Daytona ist bekannt für zwei Dinge.
Zum Ersten ist sie unglaublich intelligent. Sie merkt sich alles sofort und bis ins kleinste Detail.
Und zum Zweiten ist Daytona unglaublich verfressen. Sie frisst immer alles sofort und bis zum kleinesten Teil.

Genau diese beiden Eigenschaften sind perfekt für jeden Trainer, denn sie sind daran schuld, dass Daytona die Beine kurze Zeit später schon hochheben wollte, wenn ich nur daran dachte das Zeichen zu geben. Und die Frequenz in der es uns gelang das Bein auch oben zu halten konnte stark gesteigert werden.

Der erste Schritt zur Piaff ist also getan!
Naja. Theoretisch.

Die vorher erwähnten Eigenschaften sind nämlich auch leider dafür verantwortlich, dass Daytona zu jeder Aufgabenstellung ganz individuelle und nie gesehene Lösungsvorschläge bietet.
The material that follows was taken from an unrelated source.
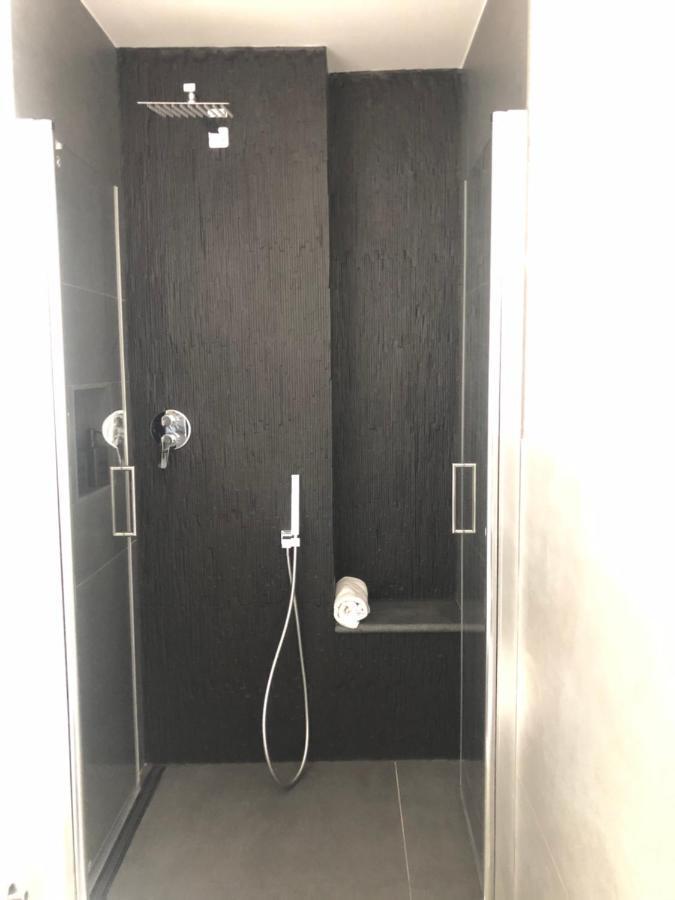 Vesucharme Suite Luxury Room Nápoles Exterior foto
In diesem Fall lautet die Lösung

Ein Storch auf 4 Beinen und ist eine Yogaübung des großen erhabenen Meisters .... Daytona.

Bevor unser Hirn der angehörigen Hand sagen kann, dass diese die Gerte an das Pferdebein legen soll, zieht das gut trainierte Pferd schon das Bein hoch bis zu dem Bauch und erkennt, dass das Obenbleiben der gewünschte Part ist. Für diese sportliche Höchstleistung verlangt Meister-Prinzessin Madam Daytona das orangene Verdienstzeichen des Stalls ihrer Heimat (= Karotte). Im Wissen, dass das Absetzen des Beines eine falsche Handlung ist, solange Anerkennung und Lob (= Karotte) noch nicht den Zielort erreicht haben, bleibt eines der 4 Enden storchenartig nach oben gezogen.
Das Trainerhirn hat mittlerweile den Befehl an die Hand auf halben Weg abgefangen und überlegt diesen jetzt umzuformulieren.
Vergeudete Zeit für den fleißigen Storch, äh Schüler.
Die Übung wurde vorbildlich ausgeführt und verlangt nun endlich nach Respekt (= Karotte). Also biegt sich der lange Hals samt schweren Kopf in die Richtung des Trainers, welche auch die Seite des gehobenen Beines ist. Selbst überrascht von der seltsamen Körperhaltung berührt nun Daytonas Nase das Storchenbein und fertig ist Yogaübung.

Wer sich nun traut Respekt, Lob, Anerkennung und das orangene Verdienstzeichen (= viele Karotten) zu verleihen, sollte gut auf die Finger aufpassen, den in dieser Stellung kann man nicht mehr von der flachen Hand essen.